[MD] MOQ and the Future: An Inquiry into Usefulness

markhsmit markhsmit at aol.com
Tue Nov 10 20:59:46 PST 2009


Hi Ron,
I think we would all agree that MOQ is a model of reality.  The moment
a model is visualized, it becomes much less than that it is representing.
MOQ takes modern scientific knowledge, some written philosophical history,
and a little Eastern spiritualism to create a painting of reality which then
attempts to explain everything.  This explanation is obviously limited by
how our brain works.

A while back I was perusing Renselle's Quantonics page.  I thought to 
myself, why make this so complicated?  It would seem to me that the
author of this site was struggling to understand Quality, and trying to
fit everything into a single picture.  This is of course possible, since
ultimately any connections can be made.  And all such connections do
indeed exist since ultimately everything is connected; in fact this is all one
big thing.

My post does not necessarily detract from the scope of MOQ (although
I think there are much easier and more humble ways of explaining
reality), but instead to ask, if MOQ is a good way to look at reality,
what does it do?  Does it give direction?  Is it something you talk to
your children about to help them through a tough time?  Is there
a fundamental reason why MOQ needs to be furthered and taught?

Mark

On Nov 10, 2009, at 9:44:11 AM, "X Acto" <xacto at rocketmail.com> wrote:
Platt,
I think Craigs point is that one may ask "why" in response to every and any explaination
that is given in an infinite regress.

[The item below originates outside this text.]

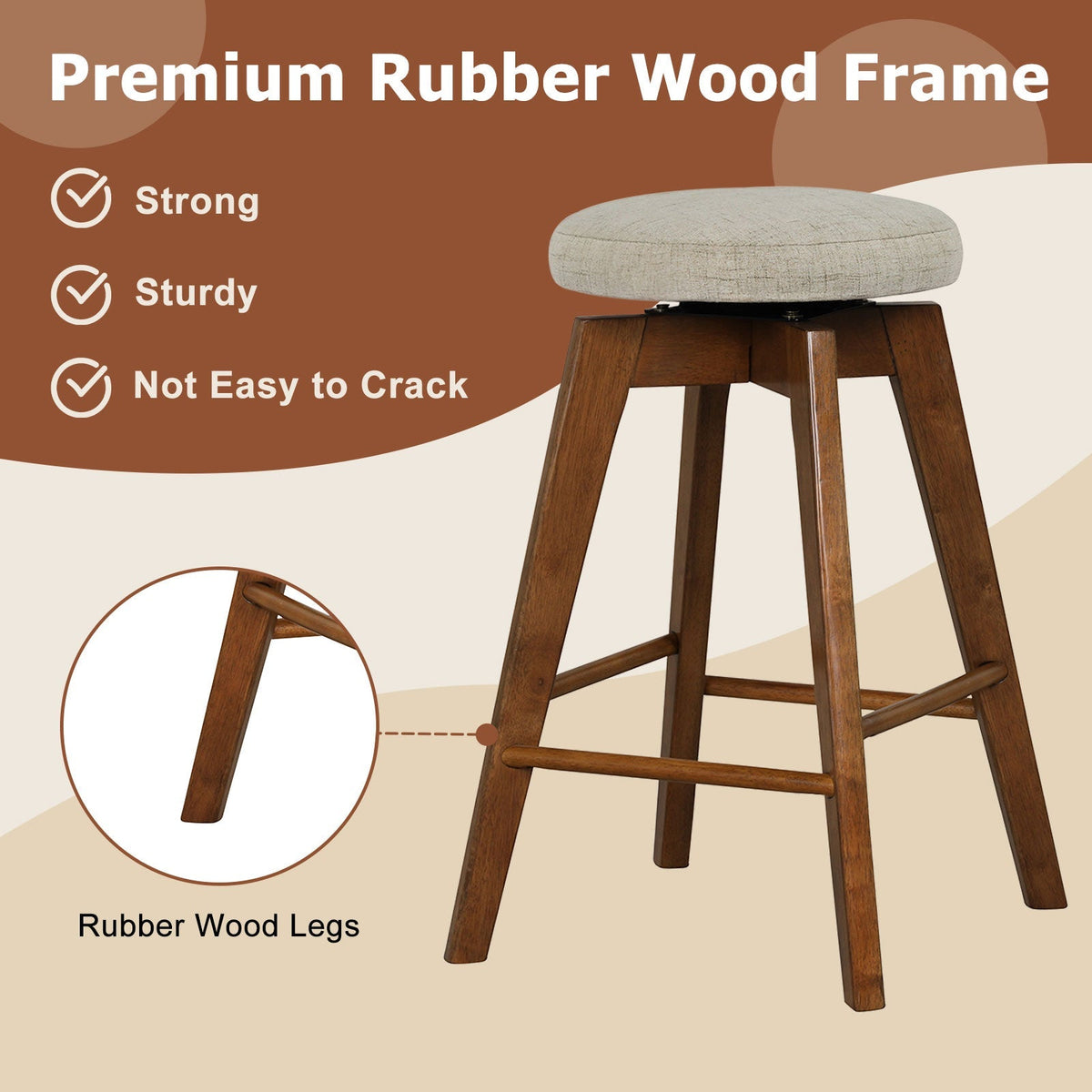 2 Pieces 26 Inch Backless Swivel Barstools with Linen Fabric Seat-Beige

And to my knowledge "ultimate" reality is unknowable
in any ultimate sense. Experience being the closest one may get, which is indefineable.
Ultimate explainations are for those objectivly minded folks who believe such things are attainable.
Here's the distinction, Pirsigs MoQ provides another interpetation of experience not
an ultimate explaination of reality. Thats the fallacy.